Into the Woods of North America

Mexican gray wolf

The North America region of the Columbus Zoo is the largest and oldest part of the zoo.  This region, like many others at the zoo, give an authentic atmosphere as you are surrounded by woodlands, traveling dirt paths to rustic buildings resembling log cabins, with all of the enclosures accurately representing each animals native habitat.  Some of the animals you’ll find here are; black and brown bears, a pronghorn herd relaxing on a grassy hill, a lynx almost perfectly camouflaged amongst the brush, cougars dozing in hollowed out trees and in a large enclosure with a massive nest high up in the trees and a small waterfall feature below you can see Americas emblem, the majestic bald eagle perched high atop a sturdy branch.

Just past the eagle in the North American river otter enclosure with underwater viewing which is a perfect way to watch these energetic animals literally play in the water, then up and out on land slinking along with their long slender bodies and then back into the water to swim by like mini torpedoes.

Another beautiful feature of the North American exhibit is a 10,000 square foot aviary, home to over 40 species of migratory songbirds.  Walking through this exhibit is tranquil with different types of trees to peer into in search of one of the attractive songbirds like cardinals, jays, waxwings, tanagers, warblers and the classic robin.  This aviary serves as a rehabilitation facility to native birds as well as being a tribute to renowned conservationist Rachel Carson.

One of the big attractions for me in the North American exhibit was the Mexican wolves.  In a large enclosure at the entrance into the exhibit is home to a pack of Mexican wolves, the smallest subspecies of the gray wolf.  Though once ranging from the Sonoran Desert of Mexico to Texas and Arizona, the Mexican gray wolf was eliminated in the wild due to a loss of their natural prey as well as from trappers, being shot and poisoned.  Today there are an estimated 340 Mexican wolves surviving in 49 facilities in Mexico and the United States.  Columbus Zoo is one such facility that runs a breeding program with the goal of having a population of 100 living in what was once their native home range.  Since 1992 there have been 29 successful pups born, just another great achievement from a zoological park in the hopes to reintroduce and regain a lost population of wild animals.
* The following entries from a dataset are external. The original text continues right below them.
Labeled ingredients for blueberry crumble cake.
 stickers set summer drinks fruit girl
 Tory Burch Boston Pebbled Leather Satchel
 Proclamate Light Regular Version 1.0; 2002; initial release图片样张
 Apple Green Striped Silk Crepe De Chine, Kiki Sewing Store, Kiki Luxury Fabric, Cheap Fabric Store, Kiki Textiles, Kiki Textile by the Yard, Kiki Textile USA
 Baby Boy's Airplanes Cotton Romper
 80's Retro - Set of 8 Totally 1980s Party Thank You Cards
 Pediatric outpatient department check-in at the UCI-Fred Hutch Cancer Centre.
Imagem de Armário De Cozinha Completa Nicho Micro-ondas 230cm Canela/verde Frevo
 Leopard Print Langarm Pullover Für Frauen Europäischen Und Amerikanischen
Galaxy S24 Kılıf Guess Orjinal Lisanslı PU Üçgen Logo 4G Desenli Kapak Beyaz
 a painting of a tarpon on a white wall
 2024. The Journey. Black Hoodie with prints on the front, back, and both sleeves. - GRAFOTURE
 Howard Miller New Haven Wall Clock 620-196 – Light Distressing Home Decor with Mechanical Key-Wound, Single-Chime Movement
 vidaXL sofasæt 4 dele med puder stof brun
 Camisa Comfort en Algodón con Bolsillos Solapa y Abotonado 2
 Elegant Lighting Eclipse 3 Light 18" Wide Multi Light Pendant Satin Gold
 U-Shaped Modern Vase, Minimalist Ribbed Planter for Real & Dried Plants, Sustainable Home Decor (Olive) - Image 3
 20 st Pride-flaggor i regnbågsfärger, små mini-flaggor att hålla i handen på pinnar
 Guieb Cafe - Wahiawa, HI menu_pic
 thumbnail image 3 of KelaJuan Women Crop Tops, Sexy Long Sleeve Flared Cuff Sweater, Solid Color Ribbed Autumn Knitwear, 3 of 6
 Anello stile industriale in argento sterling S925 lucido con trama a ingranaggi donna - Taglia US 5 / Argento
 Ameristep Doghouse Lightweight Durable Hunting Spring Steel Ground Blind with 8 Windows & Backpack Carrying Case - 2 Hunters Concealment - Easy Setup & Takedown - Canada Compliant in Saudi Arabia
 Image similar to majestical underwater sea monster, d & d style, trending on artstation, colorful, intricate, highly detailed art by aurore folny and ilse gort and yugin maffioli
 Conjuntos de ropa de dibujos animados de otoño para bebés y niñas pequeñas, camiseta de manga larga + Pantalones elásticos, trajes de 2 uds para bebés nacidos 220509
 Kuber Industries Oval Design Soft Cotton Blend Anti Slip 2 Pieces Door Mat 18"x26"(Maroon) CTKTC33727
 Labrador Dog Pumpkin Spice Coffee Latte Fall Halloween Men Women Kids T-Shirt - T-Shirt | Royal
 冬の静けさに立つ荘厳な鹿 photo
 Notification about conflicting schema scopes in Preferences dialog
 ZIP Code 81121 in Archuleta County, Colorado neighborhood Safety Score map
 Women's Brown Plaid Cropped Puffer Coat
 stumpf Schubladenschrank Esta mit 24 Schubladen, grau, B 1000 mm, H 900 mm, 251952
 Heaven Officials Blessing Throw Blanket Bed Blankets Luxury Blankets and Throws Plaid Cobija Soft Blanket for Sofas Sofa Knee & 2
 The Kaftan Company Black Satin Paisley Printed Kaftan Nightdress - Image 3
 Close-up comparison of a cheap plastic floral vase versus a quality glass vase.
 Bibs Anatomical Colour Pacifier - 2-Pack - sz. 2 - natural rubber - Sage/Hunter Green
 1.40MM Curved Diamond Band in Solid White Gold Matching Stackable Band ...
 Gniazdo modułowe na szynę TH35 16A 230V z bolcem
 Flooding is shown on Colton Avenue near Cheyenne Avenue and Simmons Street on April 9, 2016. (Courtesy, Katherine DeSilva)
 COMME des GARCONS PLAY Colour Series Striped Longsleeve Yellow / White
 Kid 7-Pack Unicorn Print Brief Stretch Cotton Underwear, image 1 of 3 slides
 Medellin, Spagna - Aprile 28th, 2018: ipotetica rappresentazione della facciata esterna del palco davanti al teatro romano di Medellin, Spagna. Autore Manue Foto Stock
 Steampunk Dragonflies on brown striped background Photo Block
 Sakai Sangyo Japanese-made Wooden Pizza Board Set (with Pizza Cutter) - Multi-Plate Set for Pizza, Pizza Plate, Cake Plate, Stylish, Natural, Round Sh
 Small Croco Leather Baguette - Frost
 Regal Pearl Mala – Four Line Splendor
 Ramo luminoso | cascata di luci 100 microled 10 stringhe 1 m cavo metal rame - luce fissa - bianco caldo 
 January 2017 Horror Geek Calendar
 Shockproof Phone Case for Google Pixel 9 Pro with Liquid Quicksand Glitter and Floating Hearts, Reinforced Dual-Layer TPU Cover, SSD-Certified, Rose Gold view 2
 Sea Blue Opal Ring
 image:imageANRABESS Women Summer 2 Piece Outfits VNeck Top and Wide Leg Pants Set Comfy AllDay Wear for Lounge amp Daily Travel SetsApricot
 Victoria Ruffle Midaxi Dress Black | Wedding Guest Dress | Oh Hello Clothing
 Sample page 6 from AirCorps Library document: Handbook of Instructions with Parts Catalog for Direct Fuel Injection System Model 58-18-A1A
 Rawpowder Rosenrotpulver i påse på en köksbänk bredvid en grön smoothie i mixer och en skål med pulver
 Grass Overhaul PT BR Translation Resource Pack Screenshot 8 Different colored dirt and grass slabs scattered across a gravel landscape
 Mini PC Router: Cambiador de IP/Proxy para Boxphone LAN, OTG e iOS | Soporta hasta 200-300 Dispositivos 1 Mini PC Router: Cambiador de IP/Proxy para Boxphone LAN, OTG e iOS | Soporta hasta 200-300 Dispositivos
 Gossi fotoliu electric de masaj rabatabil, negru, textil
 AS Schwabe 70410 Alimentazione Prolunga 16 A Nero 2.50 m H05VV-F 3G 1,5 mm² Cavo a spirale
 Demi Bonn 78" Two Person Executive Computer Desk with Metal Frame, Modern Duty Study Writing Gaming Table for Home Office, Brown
bearsA recent accomplishment for the Columbus Zoo is the opening, in May 2010, of their Polar Frontier exhibit.  The star enclosure is the 1.3 acre yard with two pools, one being 167,000 gallons with an underwater viewing area for visitors, full of large rocks, lush grass, trees and dens, all for the zoos two polar bears.  But for us the stars of this exhibit weren’t the polar bears who were relaxing on their hefty rocks overlooking their pool, it was their neighbours.  Next to the polar bears was another large enclosure with a waterfall flowing into a huge pool, also with underwater viewing, surrounded by beautiful river rocks and home to Brutus and Buckeye.  Who and what are Brutus and Buckeye?  They’re Columbus Zoo’s brown bear brothers, these teenagers are massive animals weighing about 850lbs and standing 8 feet tall.  At the time of our visit we were fortunate enough to be there for what seemed to obviously be play time.  A crowd quickly materialized around the glass wall separating us from enormous strength pawed with delicate playfulness as Brutus and Buckeye rough housed in the water like typical teenagers.  Standing mostly submerged in the water with only their giant heads and paws above, casually swatting the others opened mouth full of large teeth that appeared to be smiling for the endless camera flashes as the crowd watched on in awe.